#### What the task requires:
What's wanted is a faithful retyping of every entry, pictures excluded.

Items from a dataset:
^^^^^^^^

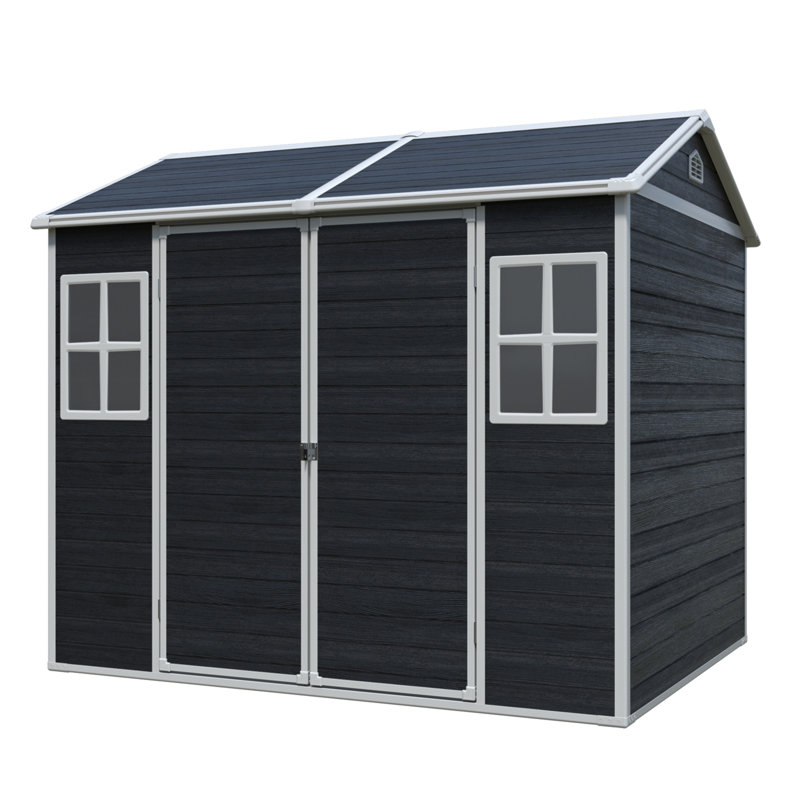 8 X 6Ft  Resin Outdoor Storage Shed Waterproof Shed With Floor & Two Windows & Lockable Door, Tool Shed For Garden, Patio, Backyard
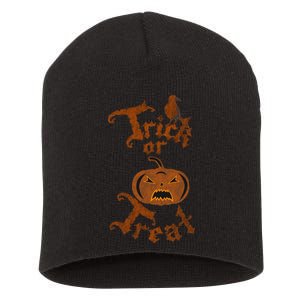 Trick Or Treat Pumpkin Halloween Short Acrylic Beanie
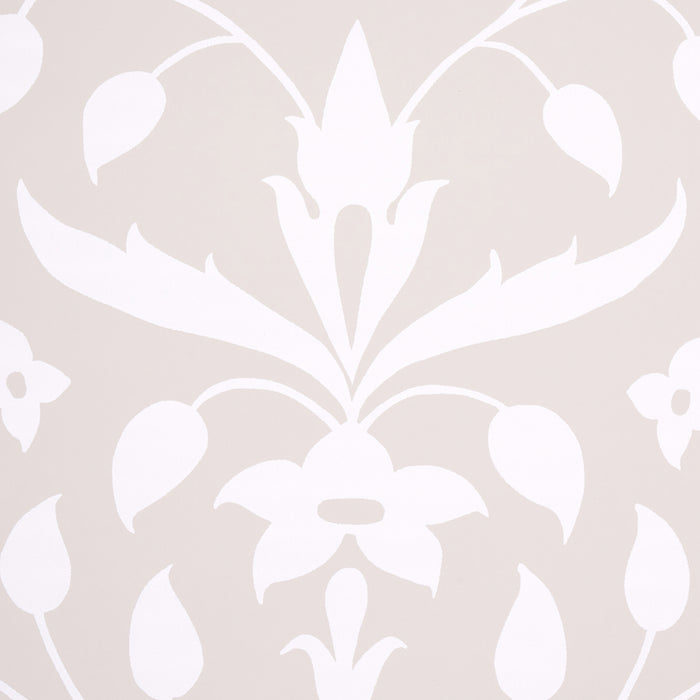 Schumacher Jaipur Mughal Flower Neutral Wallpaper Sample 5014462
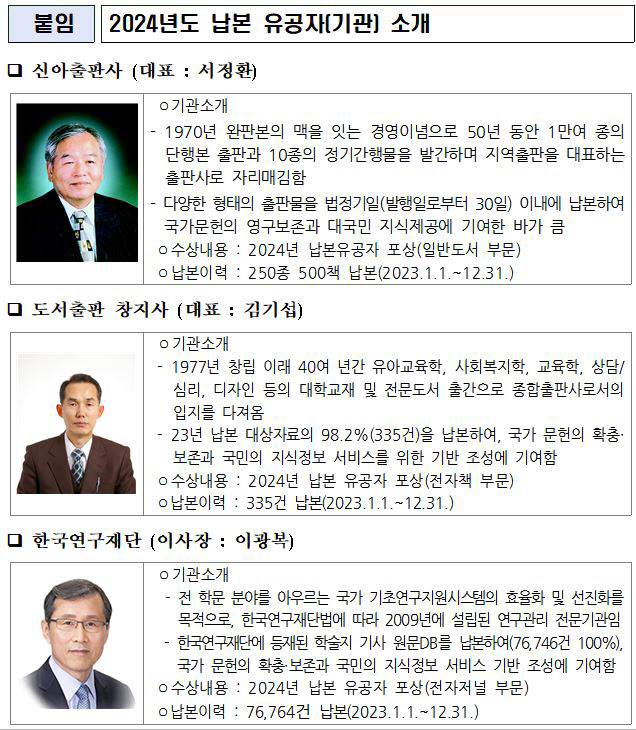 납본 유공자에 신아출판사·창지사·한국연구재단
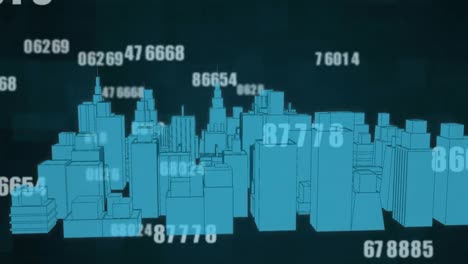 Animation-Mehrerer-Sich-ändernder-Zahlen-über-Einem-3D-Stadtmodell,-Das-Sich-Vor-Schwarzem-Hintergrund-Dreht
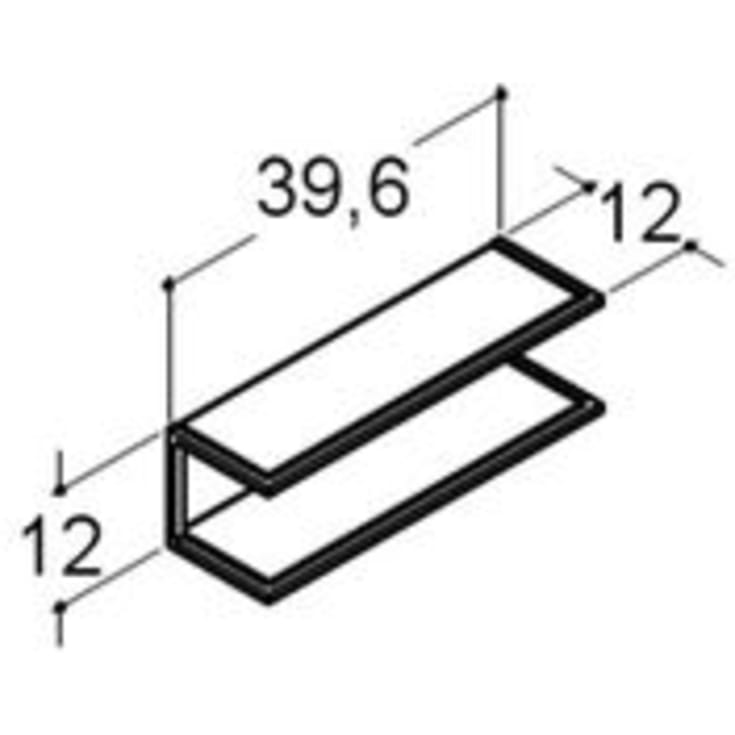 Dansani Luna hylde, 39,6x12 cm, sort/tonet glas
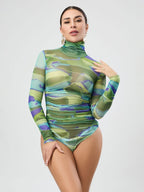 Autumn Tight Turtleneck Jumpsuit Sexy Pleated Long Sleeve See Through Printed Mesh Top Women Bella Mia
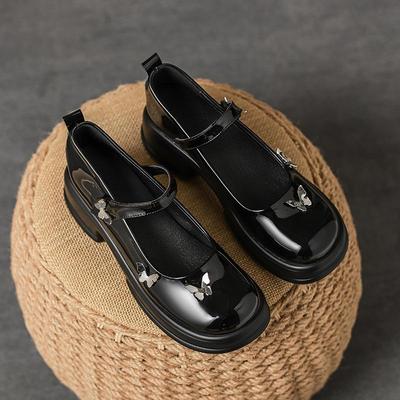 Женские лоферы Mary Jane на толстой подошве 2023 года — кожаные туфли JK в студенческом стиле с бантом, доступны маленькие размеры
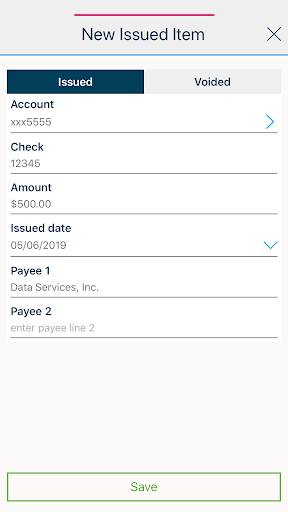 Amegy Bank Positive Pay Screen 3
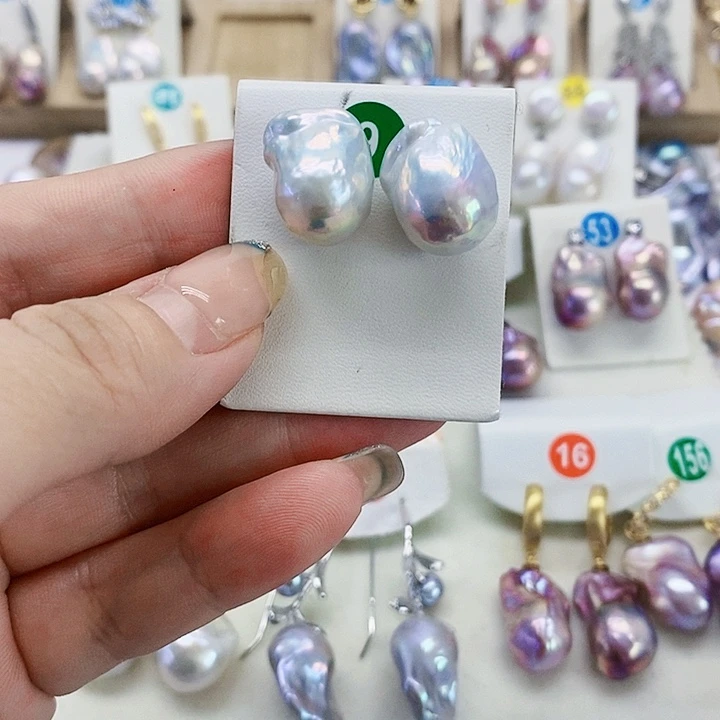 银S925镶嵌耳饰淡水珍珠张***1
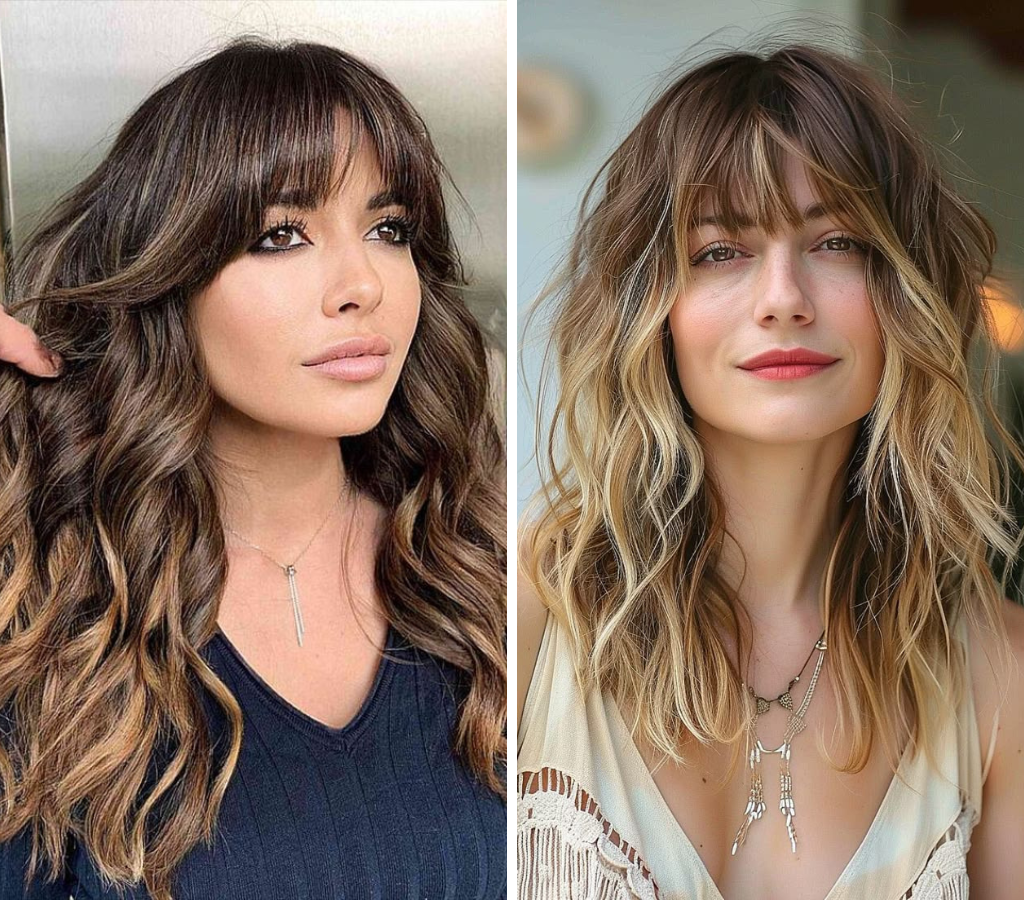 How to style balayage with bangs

^^^^^^^^

#### Output of the task:
 8 X 6Ft  Resin Outdoor Storage Shed Waterproof Shed With Floor & Two Windows & Lockable Door, Tool Shed For Garden, Patio, Backyard
 Trick Or Treat Pumpkin Halloween Short Acrylic Beanie
 Schumacher Jaipur Mughal Flower Neutral Wallpaper Sample 5014462
 납본 유공자에 신아출판사·창지사·한국연구재단
 Animation-Mehrerer-Sich-ändernder-Zahlen-über-Einem-3D-Stadtmodell,-Das-Sich-Vor-Schwarzem-Hintergrund-Dreht
 Dansani Luna hylde, 39,6x12 cm, sort/tonet glas
 Autumn Tight Turtleneck Jumpsuit Sexy Pleated Long Sleeve See Through Printed Mesh Top Women Bella Mia
 Женские лоферы Mary Jane на толстой подошве 2023 года — кожаные туфли JK в студенческом стиле с бантом, доступны маленькие размеры
 Amegy Bank Positive Pay Screen 3
 银S925镶嵌耳饰淡水珍珠张***1
 How to style balayage with bangs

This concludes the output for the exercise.